We would need to further assess the costs of the destruction of culture – not only the liberties that it may have gained individuals, but the extreme burdens in particular it has placed upon future and increasingly the present generation. We could expect, after all, that along with the liberties that would accompany liberation from gratitude to the past and obligations to the future, would also come discernible forms of irresponsibility, in the form of both moral and natural depletions of past inheritance and burdens and debts (rather than inheritances) being bestowed upon future generations. A civilization geared toward extreme presentism – a preeminent feature of modern anti-culture – would be the expected result.
Perhaps the worst burden of all would be the sure knowledge that one’s death would mean one’s elimination from the memory of humankind. The destruction of culture involves the elimination of temporal continuity in the form of remembrance and memoralization, those stories that are told about the souls of those still present in our own practices and ways. If the past ceases to be a guide or in any way relevant to the actions of the future, then the faster forgotten, the better. We speak today of a “health care crisis” in terms that only treats us as bodies, and for such radically individuated bodies, the cessation of our life is the worst imaginable possibility – the summum malum of Hobbes. Living in culture of memory and expectation, one’s death – while always hard – is not the worst imaginable possibility, since one’s death is not tantamount to a condition as if one had never existed. Although we live longer than ever, we live amidst a “health care crisis” that we can’t see is a crisis of culture, and the sickness lies in the unhealth of family, community, and cult. Membership in these – not more health club memberships – is what is needed.

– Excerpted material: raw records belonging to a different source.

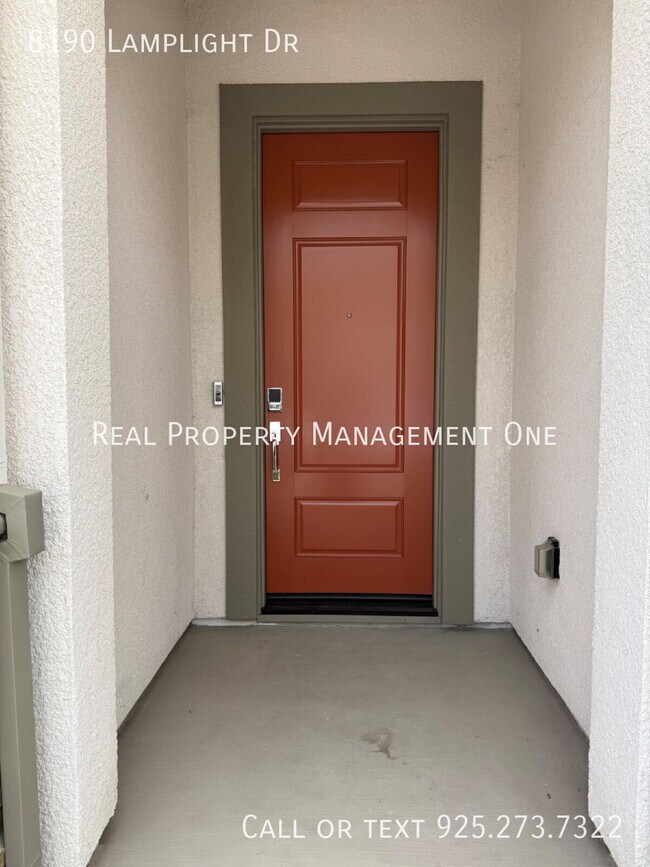 Building Photo - 8190 Lamplight Dr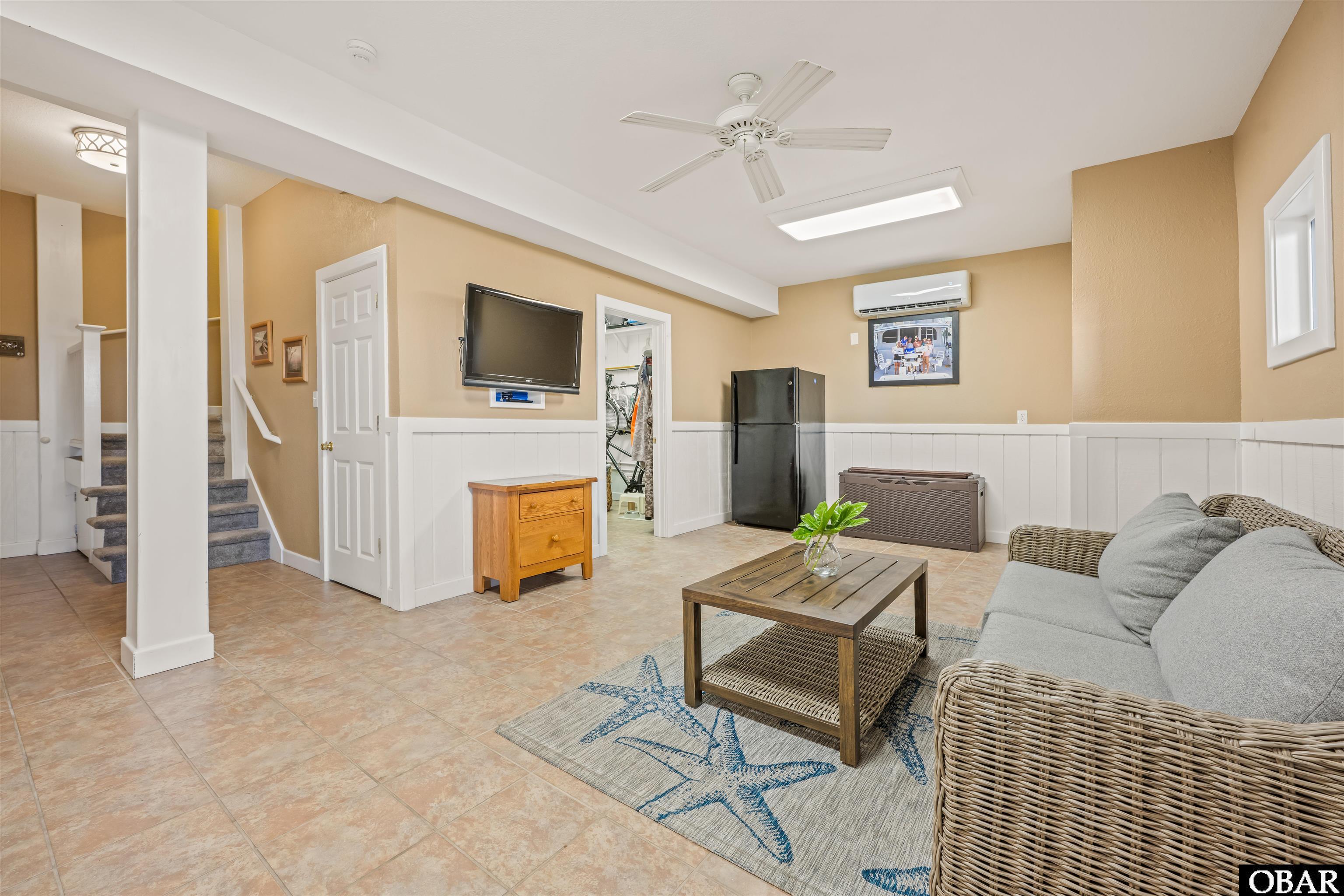 3 Spinnaker Court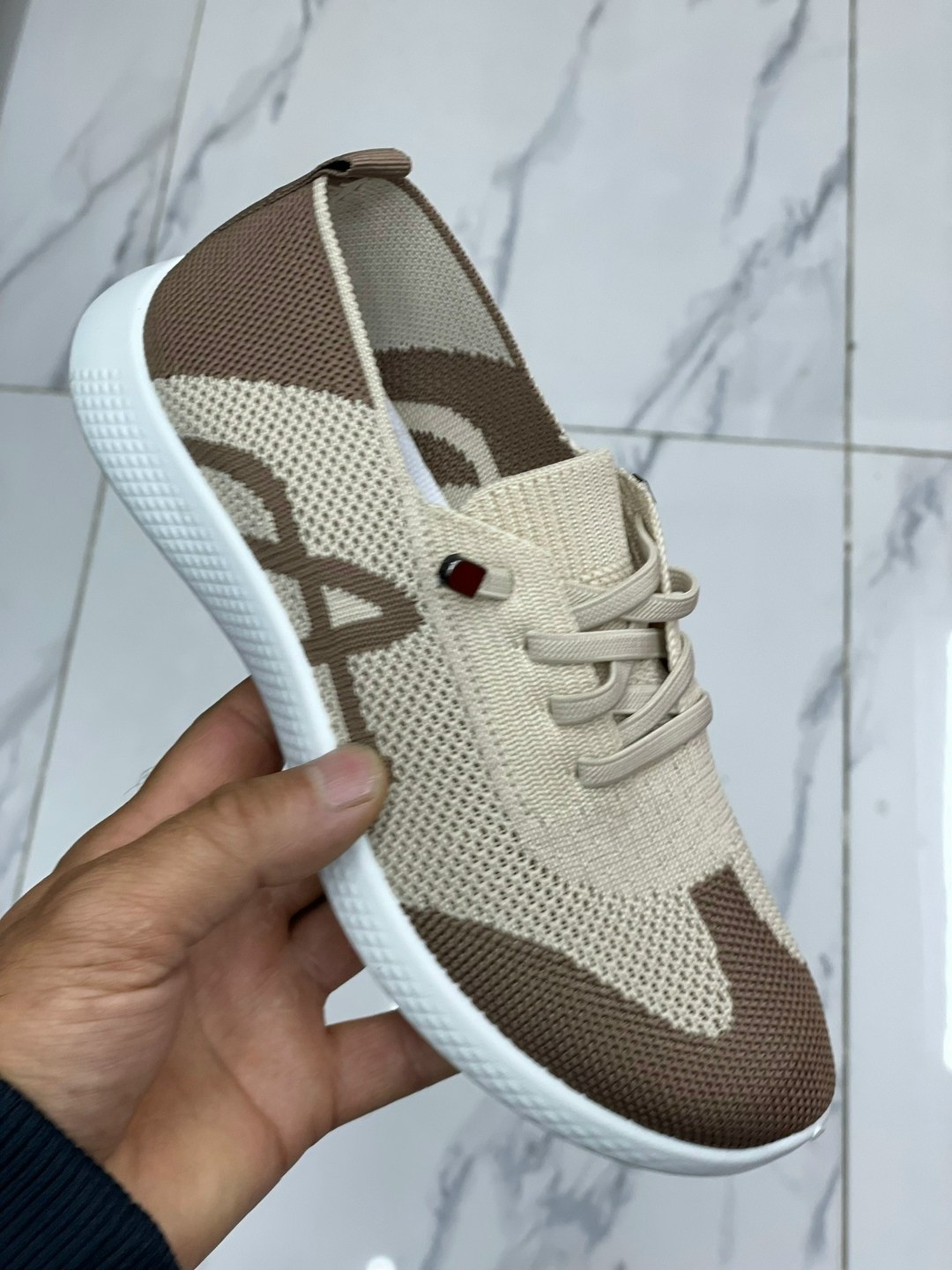 ,кроссовки женскиe,спортивная ,повседневная ,повседневные кроссовки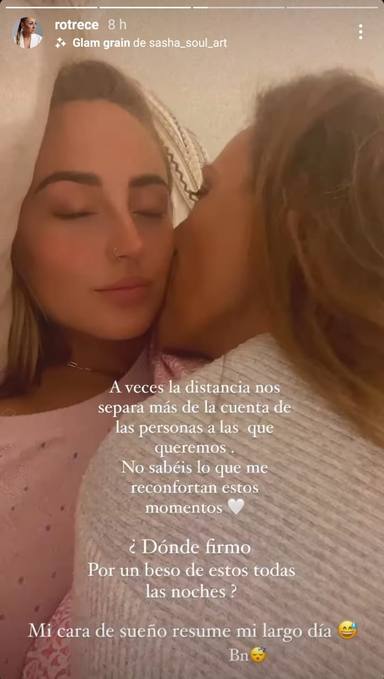 La misteriosa foto de Rocío Flores que hace pensar que Rocío Carrasco aparece dándole un beso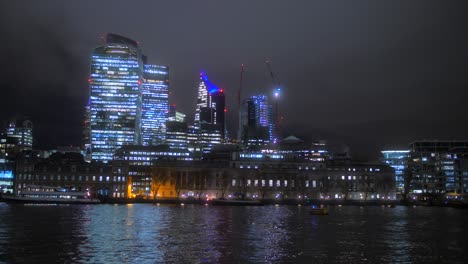 Vista-Nocturna-Cinematográfica-De-La-Arquitectura-Moderna-En-La-Orilla-Sur-Del-Río-Támesis-En-Londres,-Reino-Unido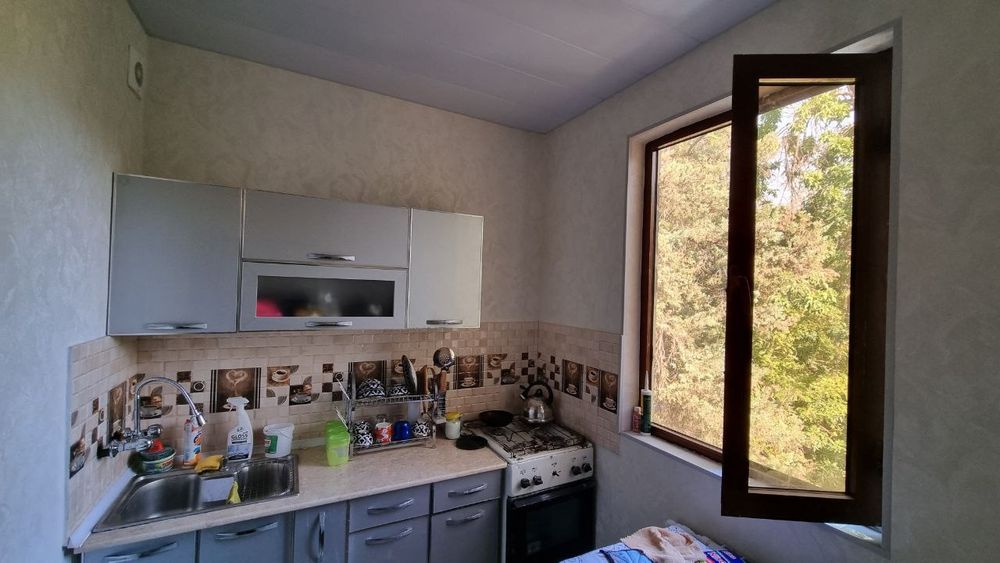 Kvartira sotiladi srochniy 
Ориентир: Ал хоразмий круг, Саййох хоте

We can remember only in times of leisure. As Josef Pieper argues, leisure is the basis of culture, because it is especially in our feasts, festivals and in reflection – all, in skole – that we recollect and anticipate, that we weave the past and future into our present. Over the course of these several days and two nights, let us feast and be festive and reflect – let us have that true experience of skole, of leisure. Let us taste what a cultured life would be.